NBA
James Dolan Critical Of Impending Media Rights Deal, Argues NBA Moving To NFL Model
In a letter to his fellow NBA Board of Governors, James Dolan criticized the league’s impending $74.6 billion media rights deal and revenue sharing policies. Dolan indicated that the new media deal renders Regional Sports Networks as “unviable.”
“The NBA has made the move to an NFL model — deemphasizing and depowering the local market,” Dolan wrote in the letter. “Soon, your only revenue concern will be the sale of tickets and what color next year’s jersey will be. Don’t worry, because due to revenue pooling, you are guaranteed to be neither a success nor a failure.
“Of course, to get there, the league must take down the successful franchises and redistribute to the less successful. This new media deal goes a long way to accomplishing that goal.”

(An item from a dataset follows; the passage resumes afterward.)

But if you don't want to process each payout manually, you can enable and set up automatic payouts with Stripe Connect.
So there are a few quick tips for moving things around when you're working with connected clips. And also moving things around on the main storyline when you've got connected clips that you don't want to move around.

Dolan outlined his criticism of what he called the league’s plan to retain “…$6 billion (or 8 percent) of the total-NBA related fees…..” without “sufficient justification … nor transparency into how it arrived at the sum, how these fees will be allocated or to what extent the league will utilize this purported revenue growth to incur new and incremental costs and further expand the league’s ever growing expense level…”

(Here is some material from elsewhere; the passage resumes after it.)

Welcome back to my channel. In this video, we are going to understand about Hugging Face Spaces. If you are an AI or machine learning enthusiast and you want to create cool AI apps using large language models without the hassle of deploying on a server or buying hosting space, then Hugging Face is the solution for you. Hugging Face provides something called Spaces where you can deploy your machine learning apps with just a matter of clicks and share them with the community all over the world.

Dolan made a comparison to the league retaining $15 million (0.5 percent) in the league’s current media deal for the 2024-2025 season and expressed a dissatisfaction with an increase of $358 million in 2025-2026 under the league’s proposal, according to the letter.

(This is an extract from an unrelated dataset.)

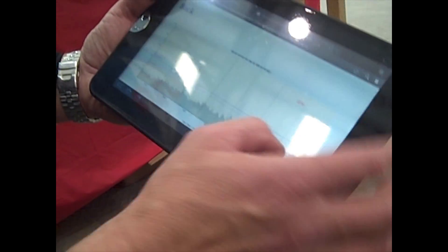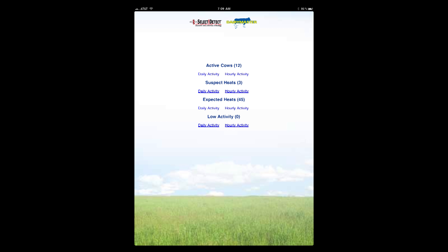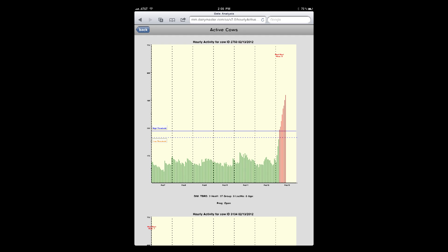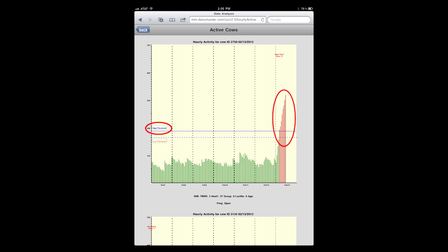So basically, if the dairyman has the app, they can pull up a list of cows that have exceeded the activity baseline for high activity, or are on the low activity side, or suspected heats, or cows that because of their recent interval would be potentially in heat in the next day or two. They can get hourly activities for each cow. For example, you can see this cow exceeded the high activity threshold.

Dolan cited issues with proposed revenue sharing in the league’s sponsorship and local television packages too, according to the letter. According to Dolan, the league’s “…proposal would also have a negative impact on the value of each member team’s local sponsorships,” including “…the delivery of camera-visible benefits at as few as 23 home games — -roughly 20 percent reduction to what was historically provided.”
Also, Dolan wrote, “team sponsors/partners would no longer be protected” during national broadcasts, which undercuts the premium that member team sponsors can be charged for being the sole third party promoted in a specific sponsorship category.
“…These changes drastically increase the challenges associated with attracting and renewing vital sponsorship revenue by creating a particularly unfriendly environment for member team sponsors.”
In the letter, Dolan concluded: “We trust that our concerns are shared by many of our counterparts across the league, each of whom will be similarly impacted. The league will say that it does not matter because your franchise value will continue to rise; that contemplates you will eventually sell….
“Once again, pride of ownership is what is sacrificed. We are well on our way to becoming a one size fits all, characterless organization. Just remember we did this on the backs of owners like Jerry Buss.”